In the early 90s, there was much more emphasis on problem-solving. All the officers were sent to do additional training, and taught to work as teams on problem-solving. In the mid-90s we reorganized our patrol structure to facilitate problem-solving, working in the neighborhoods. It's sort of been inculcated as part of the culture for officers.
POV: How have these innovations improved policing, in terms of crime rate and of community satisfaction?
Edgar: Everybody realizes that a police department is not going to solve all their problems. One example of community policing in San Diego is that we had one part of town that attracted a lot of chronic drunks. The previous process was that people would be arrested, taken to a detox facility where they were allowed to sober up and leave with no criminal charges. Working with social service agencies, we realized that some people were there several times a week. We also learned that a lot of these people were going into the emergency room. A lot of money was being spent on emergency services for people who were going to be released in a few hours. Some of the doctors got involved. We brought in alcohol rehab people, and mental health people, and we started a program with the city attorneys where we would make arrests of people that were so chronic at detox, we would take them to jail and charge them with a crime. They were then offered a chance to go into drug and alcohol treatment or go to jail. At first people were hesitant to go to treatment, but recently we've seen something like 50 percent going into treatment, and something like 50 percent of those turning their lives around. All this under a structured program that the county helped fund. It's called the Serial Inebriate Program (S.I.P.).
POV: Civilian oversight is popular in a number of cities, but its effects have varied. What are the key characteristics of effective civilian oversight?

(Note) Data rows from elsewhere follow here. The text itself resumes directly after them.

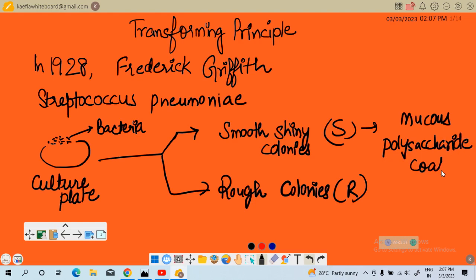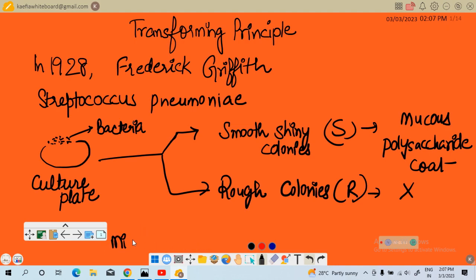The smooth colonies are smooth because they have a mucous polysaccharide coat, whereas the R (rough) strain does not have this mucous polysaccharide coat. Mice infected with the S (smooth) virulent strain die from pneumonia infection, but mice infected with the R strain do not develop pneumonia. He then did an experiment on mice.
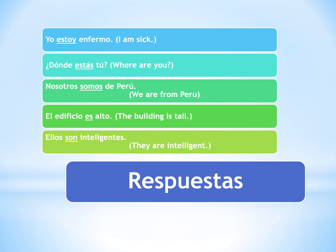Here are the answers with explanations. Number one: 'Yo estoy enfermo' — I am sick — hopefully that's temporary so you'll get better. Number two: '¿Dónde estás tú?' — Where are you? — that's a location, so we use estar. Number three: 'Nosotros somos de Perú' — We are from Peru — this is ser because it's a place of origin, and notice the clue with de, since ser and de typically go together. Number four: 'El edificio es alto' — The building is tall — a permanent characteristic. Number five: 'Ellos son inteligentes' — They are intelligent — also a permanent characteristic.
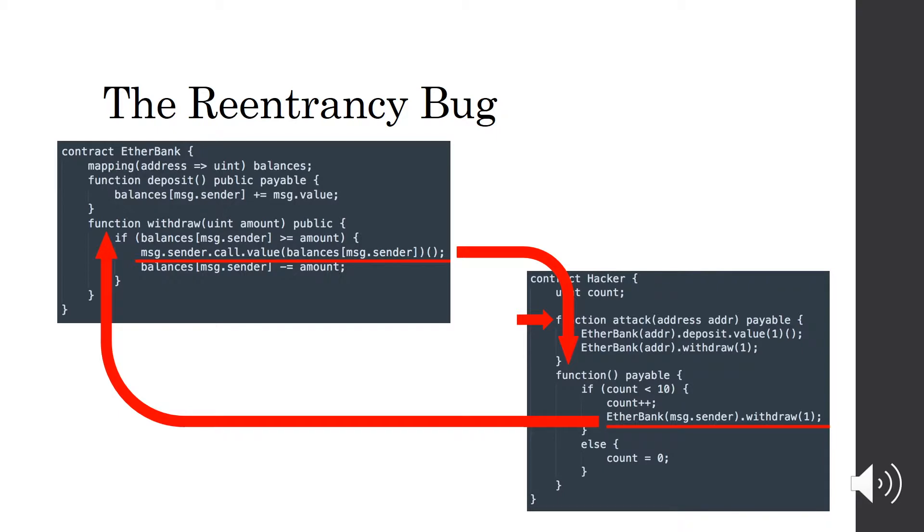This loop continues until the call count reaches 10, and all contracts run out of gas.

Edgar: San Diego adopted oversight before it was mandated. When there are serious incidents, complaints or shootings, the oversight board gets involved. The biggest problem is that we do the investigation, and they review the investigation, and if they bring up issues, then those issues are resolved, either explained or addressed. There have been some really positive things that have been involved. Our whole issue is trust, and we want the trust of the community, and if the committee can report back through the oversight board, we're more likely to gain trust.
POV: Are civilian oversight boards and police departments inherently opposing interests? Can there be effective partnerships between them?
Edgar: It hasn't really been an issue in our department, but when you start giving oversight boards subpoena powers, and people who aren't trained to do investigations are asking questions, it's not always really an effective investigative tool. It could turn into a witch hunt. We've always prided ourselves, especially when I worked in Internal Affairs, that we want the facts out, we want to do a complete investigation. If the oversight board points out something that got missed, we go back and we investigate it. We get a tremendous amount of information from a board that's willing to do that.
POV: Does the SDPD keep track of developments elsewhere? Do you know of programs in other departments that you feel are especially noteworthy?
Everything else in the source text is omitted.